BalLOT: Balanced $k$-means clustering with optimal transport
Wenyan Luo, Dustin G. Mixon
TL;DR
The paper tackles balanced $k$-means clustering by formulating the assignment step as a balanced optimal-transport problem (BalLOT), pairing OT with centroid updates to achieve scalable, balanced partitions. It introduces an entropically regularized variant (E-BalLOT) for speed, and proves that BalLOT yields integral couplings for generic data, with a benign population landscape that aligns local minima with planted clusters. Finite-sample guarantees include a basin-of-attraction analysis and one-step recovery under suitable initializations, plus probabilistic misclustering bounds under the stochastic ball model.

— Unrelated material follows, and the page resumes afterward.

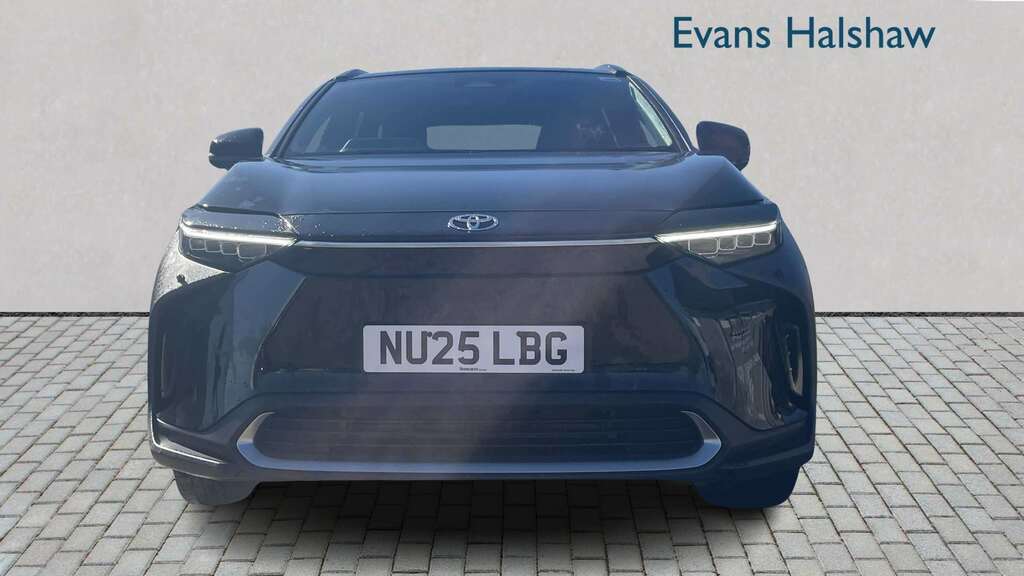 Toyota bZ4X 160Kw Vision 71.4Kwh Awd 2025 NU25LBG Black #4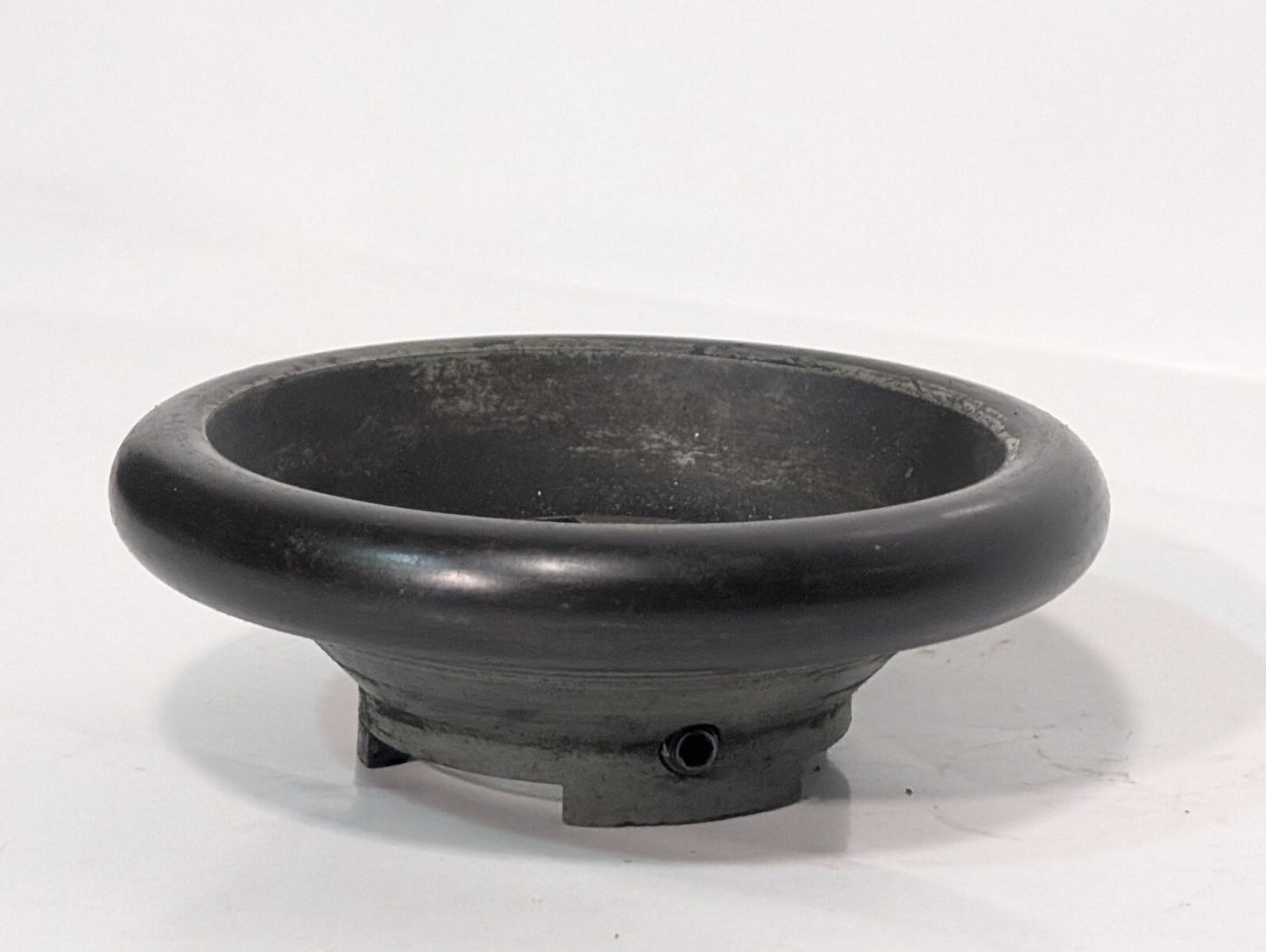 Unidentified Industrial Machine Guard, 5.5" Diameter, Keyed Bore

Empirically, BalLOT and E-BalLOT show near-linear scaling and competitive exact recovery against SDP and matching-based methods, validating their practical utility for large-scale, balanced clustering tasks.
Abstract
We consider the fundamental problem of balanced $k$-means clustering. In particular, we introduce an optimal transport approach to alternating minimization called BalLOT, and we show that it delivers a fast and effective solution to this problem. We establish this with a variety of numerical experiments before proving several theoretical guarantees. First, we prove that for generic data, BalLOT produces integral couplings at each step. Next, we perform a landscape analysis to provide theoretical guarantees for both exact and partial recoveries of planted clusters under the stochastic ball model. Finally, we propose initialization schemes that achieve one-step recovery of planted clusters.